• _TASK DIRECTIONS_:
Please give back the lines from the line containing "Foto 4 | Lonchera" through the end of the listing below, exactly as written and without pictures.

• _DATA_:
= Beginning of Section =
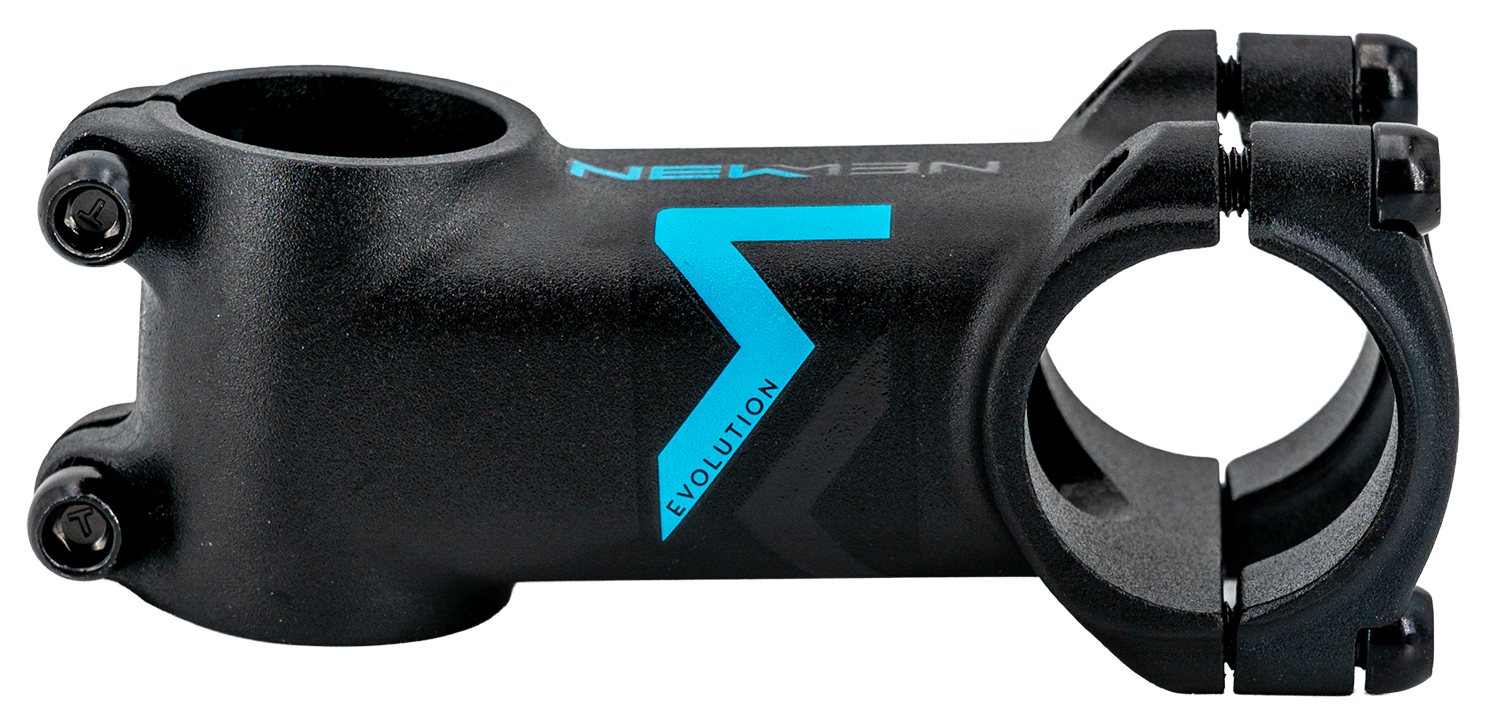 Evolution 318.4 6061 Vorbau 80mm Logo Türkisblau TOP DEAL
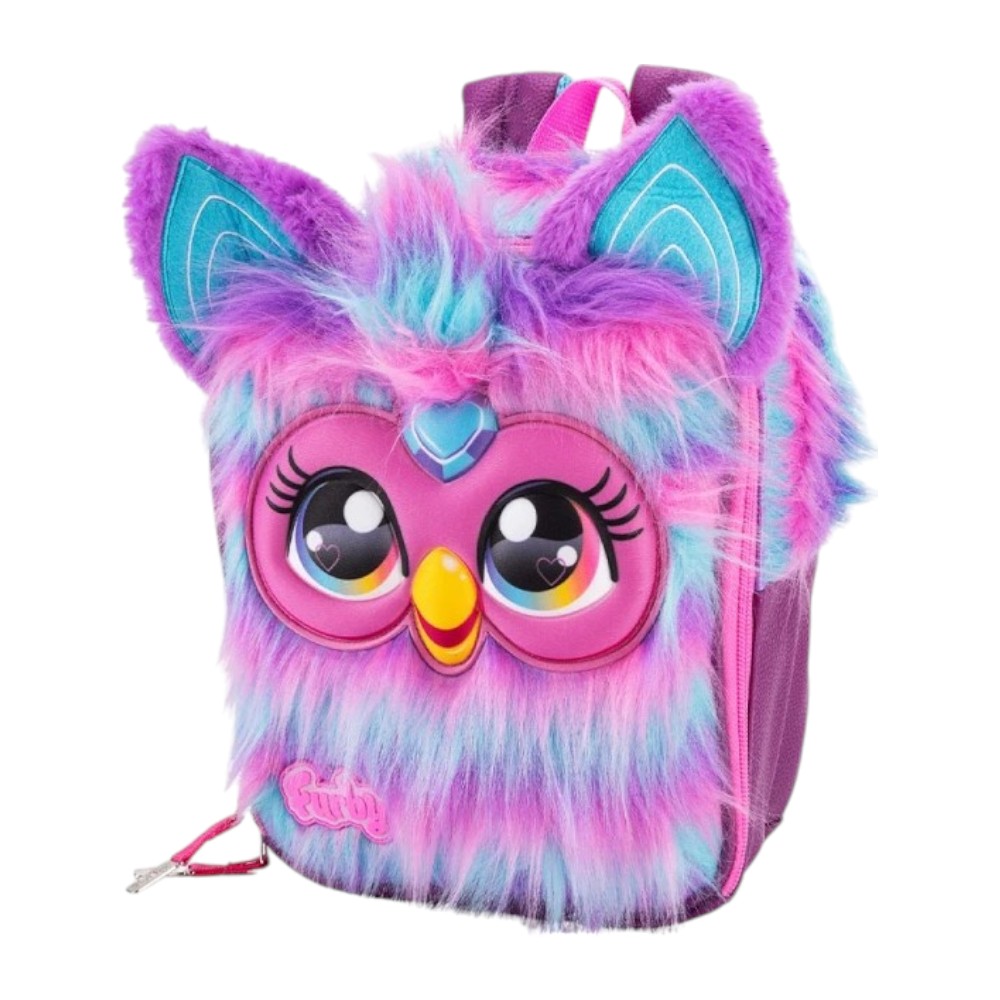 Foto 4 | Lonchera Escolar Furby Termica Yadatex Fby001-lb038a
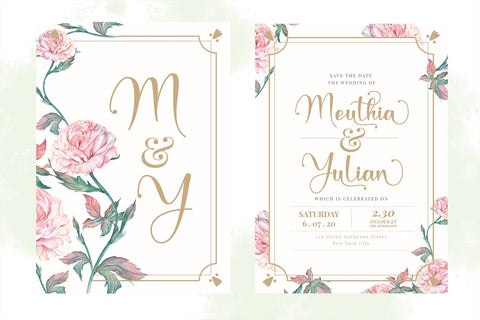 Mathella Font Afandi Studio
= End of Section =
• _RESULT FOR THIS TASK_:
 Foto 4 | Lonchera Escolar Furby Termica Yadatex Fby001-lb038a
 Mathella Font Afandi Studio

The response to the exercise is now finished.